__SOURCE DATA__.
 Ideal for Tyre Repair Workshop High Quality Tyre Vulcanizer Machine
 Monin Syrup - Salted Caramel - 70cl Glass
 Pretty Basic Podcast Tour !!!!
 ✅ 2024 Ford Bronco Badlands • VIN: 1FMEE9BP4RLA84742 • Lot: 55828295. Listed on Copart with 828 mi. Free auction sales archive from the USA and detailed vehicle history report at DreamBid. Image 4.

* * *

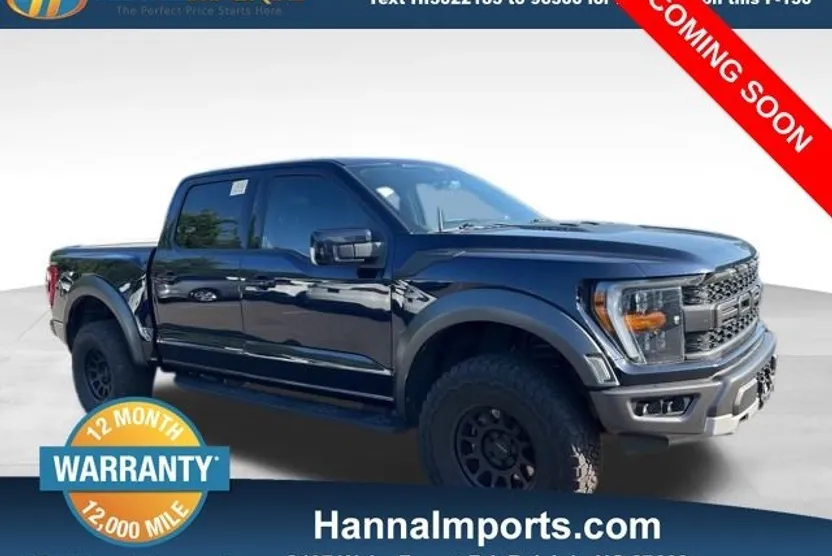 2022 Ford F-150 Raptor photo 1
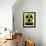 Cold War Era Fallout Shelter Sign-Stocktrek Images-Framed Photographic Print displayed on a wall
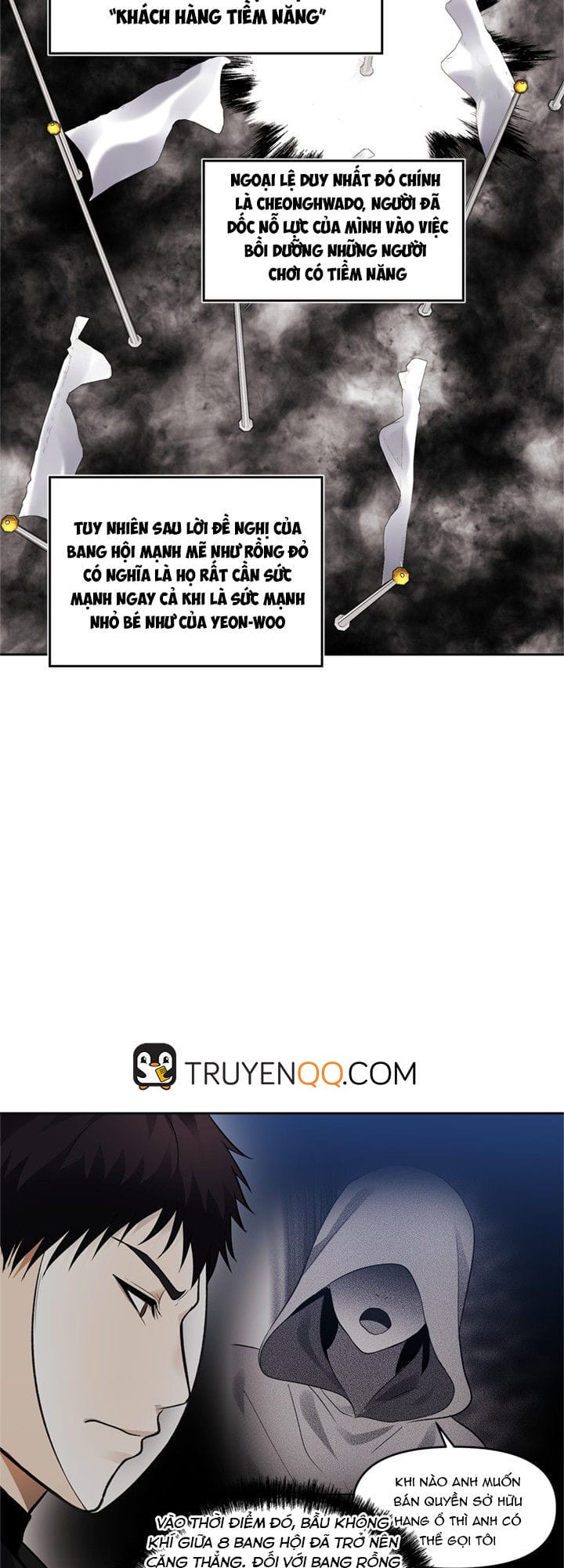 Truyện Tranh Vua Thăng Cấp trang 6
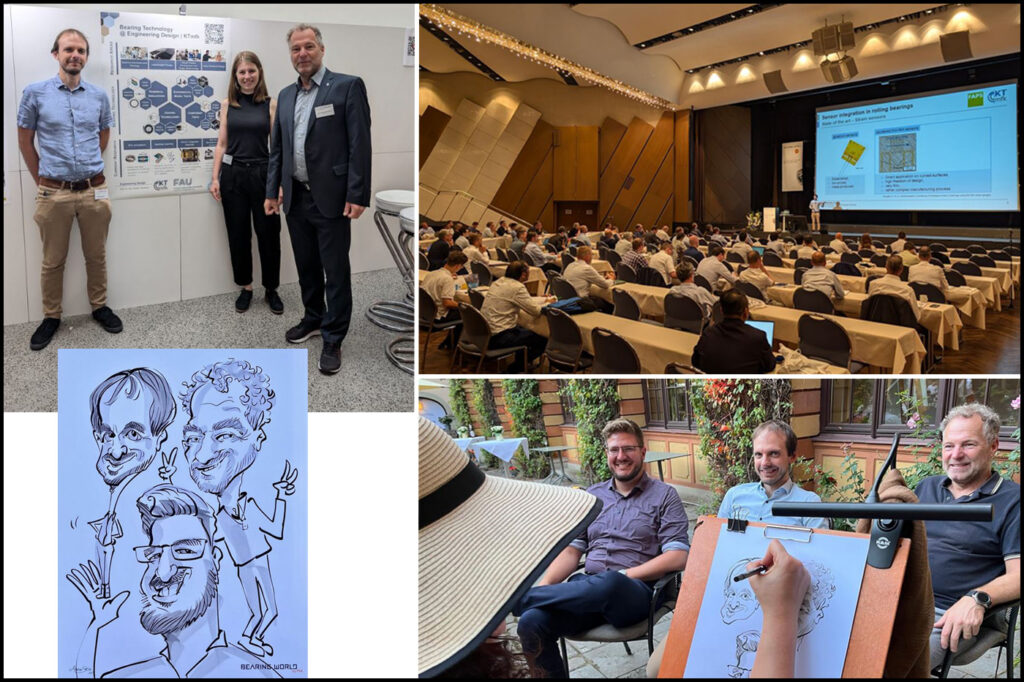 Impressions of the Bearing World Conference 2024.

---

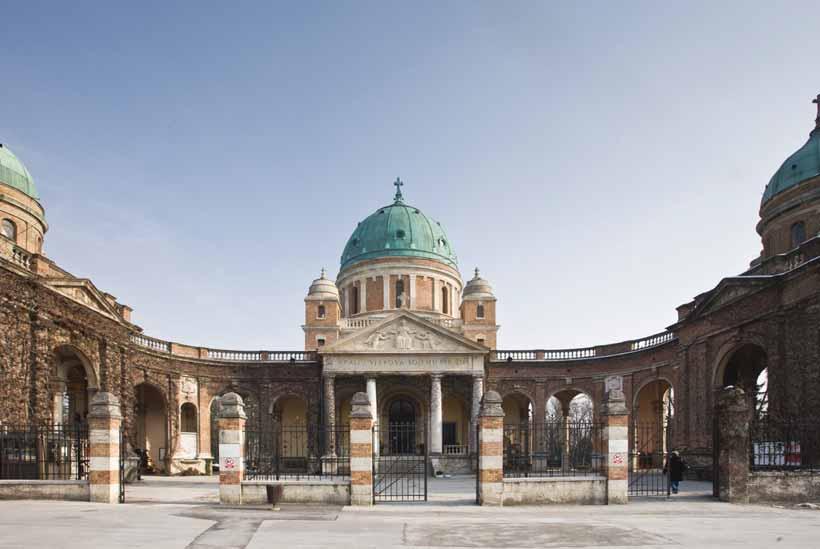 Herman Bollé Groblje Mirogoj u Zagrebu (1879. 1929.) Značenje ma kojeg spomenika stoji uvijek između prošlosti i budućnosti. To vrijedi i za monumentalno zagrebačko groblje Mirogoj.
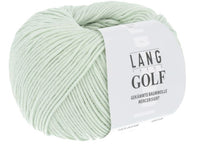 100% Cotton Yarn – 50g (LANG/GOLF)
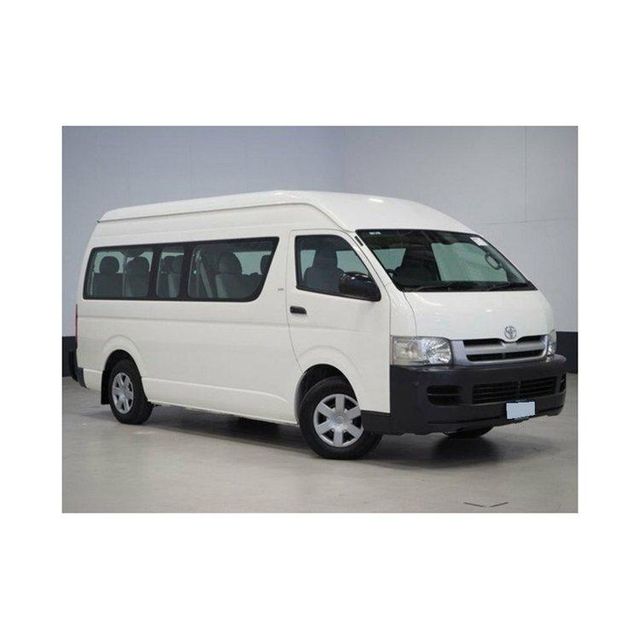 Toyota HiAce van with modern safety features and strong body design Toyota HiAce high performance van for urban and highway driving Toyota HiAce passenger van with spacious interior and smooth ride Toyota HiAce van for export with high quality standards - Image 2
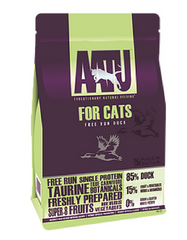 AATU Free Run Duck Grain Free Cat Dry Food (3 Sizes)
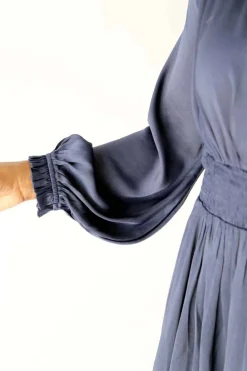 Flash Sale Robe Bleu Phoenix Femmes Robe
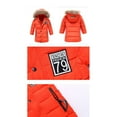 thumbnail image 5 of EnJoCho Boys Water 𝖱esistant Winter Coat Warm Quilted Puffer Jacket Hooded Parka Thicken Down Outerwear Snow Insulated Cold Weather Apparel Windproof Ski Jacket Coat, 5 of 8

__TASK REQUIREMENTS__. Treat the line with "100% Cotton Yarn – 50g (LANG/GOLF)" as the start and the line with "thumbnail image 5" as the end, and return exactly that span of the data above, both ends included, without pictures.

__RESULT OF THIS EXERCISE__.
 100% Cotton Yarn – 50g (LANG/GOLF)
 Toyota HiAce van with modern safety features and strong body design Toyota HiAce high performance van for urban and highway driving Toyota HiAce passenger van with spacious interior and smooth ride Toyota HiAce van for export with high quality standards - Image 2
 AATU Free Run Duck Grain Free Cat Dry Food (3 Sizes)
 Flash Sale Robe Bleu Phoenix Femmes Robe
 thumbnail image 5 of EnJoCho Boys Water 𝖱esistant Winter Coat Warm Quilted Puffer Jacket Hooded Parka Thicken Down Outerwear Snow Insulated Cold Weather Apparel Windproof Ski Jacket Coat, 5 of 8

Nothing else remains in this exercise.